Tres vicarios denunciaron a Zanchetta en el 2015 y 2017 ante la Nunciatura. Ahora, los sacerdotes fueron designados “párrocos” en iglesias barriales.

“Él se justifica diciendo que le habían hackeado el celular, que había gente que sabiendo de su cercanía quería dañar la imagen del Papa y volvió muy mejorado”, relató Manzano. “Le habrá dicho a Francisco: mire padre yo le prometo que esto se arregla, qué se yo”, agregó el religioso.

Luego de un tiempo, los vicarios vieron nuevas actitudes llamativas de Zanchetta “como pedir que algún seminarista lo acompañe cuando visitaba las parroquias con prohibición de avisarle al rector; tratar de estar muy presente en el seminario, cayendo a cada rato y en cualquier hora; promoviendo un estilo mundano de jóvenes”. “El rector del seminario comenzó a investigar y advirtió acosos y conductas inadecuadas”, indicó Manzano que si bien evitó hablar de abusos porque no le constan, aseveró que el rector le “contó de abusos sexuales y que habían sucedido cosas que le parecían graves”.

Tres seminaristas habrían sido los abusados sexualmente por Zanchetta. Se habla de “tocamientos”.

Según el exvicario, en mayo – junio de 2017 la nunciatura les pidió informes, que cada uno de los sacerdotes elaboró. Ese segundo informe fue más “sustancioso, más importante, con pruebas, con testimonios más contundentes con cuestiones de algunos chicos que por ahí cuentan algo”, según aseguró Manzano.

Ante esta segunda acusación, el religioso indicó que Zanchetta regresó a Roma para hablar con el Papa. “Él le dice: sí padre estoy enfermo y necesito tratamiento, yo presento la renuncia. El Papa dice: te vamos a dar tratamiento y me parece que no podés gobernar nada. Vino y renunció”, describió. Luego, según señaló, Zanchetta fue a España para un tratamiento que “no se podía hacer acá”.

En la misma línea con otras fuentes que consideraron que los sacerdotes que acusaron a Zanchetta lograron que la situación no “pase a mayores”, Manzano manifestó: “Hemos tratado de evitar el mayor daño.
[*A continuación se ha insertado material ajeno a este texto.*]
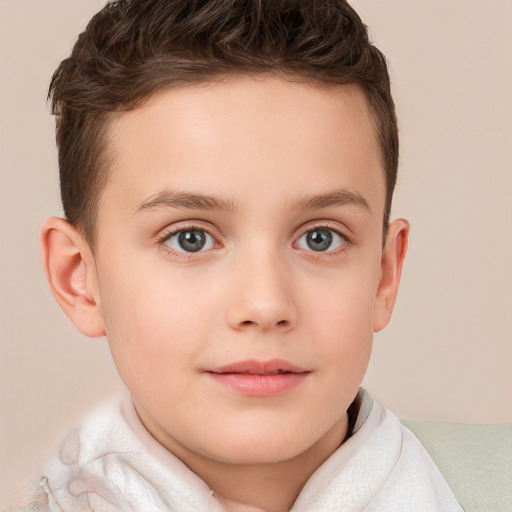 Joyful white child male with short  brown hair and brown eyes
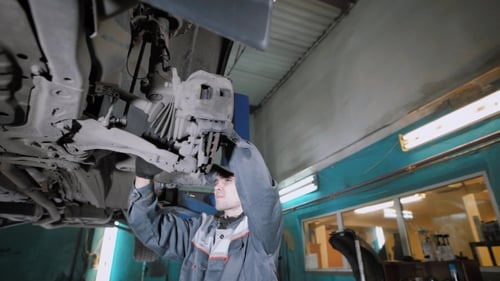 Auto Mechanic Working on Lift Repairing Vehicle
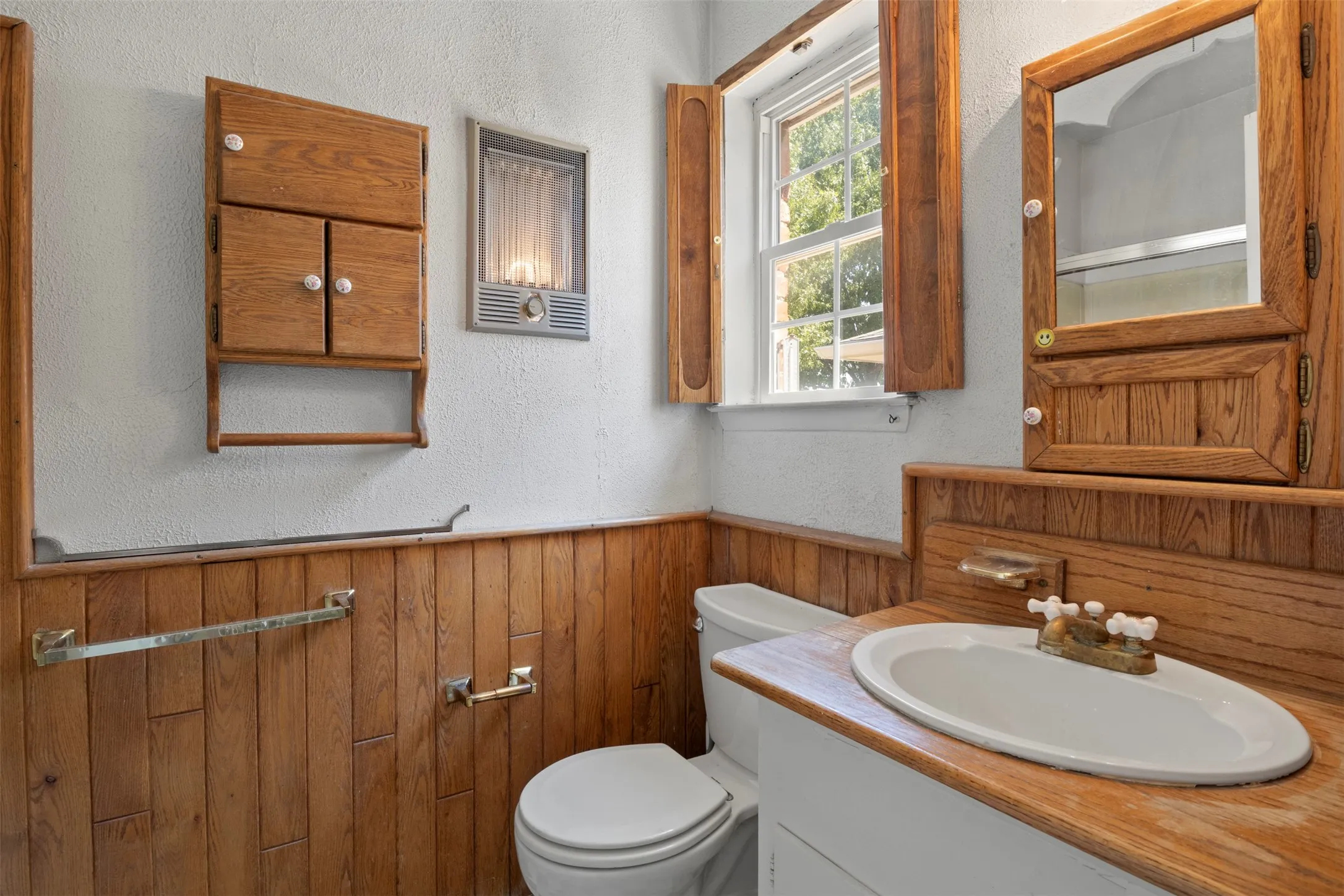 Wood-paneled wainscoting and coordinating wood-finish cabinetry
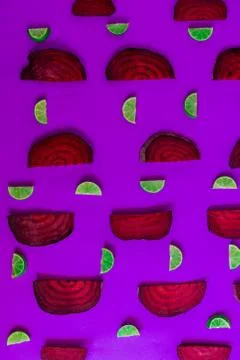 Beetroot in the form of a pattern with lemon slices on a pink background Stock Photos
Yo insisto, tenés el jefe que está enfermísimo y tenés que cuidar a los chicos. Al que le tocó esa tarea hizo un laburo fabuloso de estar cerca, de evitar cualquier cosa y de permanentemente pedir auxilio a los superiores y se actuó, gracias a Dios. Cuesta, no suponés que un obispo te va a venir así”.

Manzano defendió el traslado de Zanchetta al Vaticano. Señaló que es el lugar desde donde el Papa “lo puede controlar” y que “lo tiene al lado de su casa de Santa Marta”.

Además, el cura confirmó que el cargo de asesor en la inmobiliaria del Vaticano fue creado para Zanchetta. “Le inventó un cargo de asesor que nunca existió. Lo retira plenamente del contacto con la gente y lo pone a laburar en una oficina de mala muerte mientras sigue el tratamiento psicológico”, dijo.

El testimonio pone en crisis la credibilidad del Papa en su lucha contra los abusos. Pero Manzano aseguró que Francisco fue una “víctima más”. “Creo que hasta el Santo Padre es víctima de este tipo. Es un sociópata, manipulador. Al que fue su padre espiritual… él se confesaba con su Santidad cuando era cardenal. Eran muy amigos”, detalló.
El sacerdote además aseguró que el Papa fue “verseado” por Zanchetta cuando estaba en Quilmes, para conseguir ser obispo. “Estas denuncias que dicen que hay en Quilmes, te aseguro que no le llegan nada al Santo Padre. Cuando necesitábamos obispo, Zanchetta aprovechó que había estado en Orán. Entonces el Santo Padre dijo: ¿a quién puedo poner que lo conozca, que lo quiera? Y vaya a saber qué le dijo”.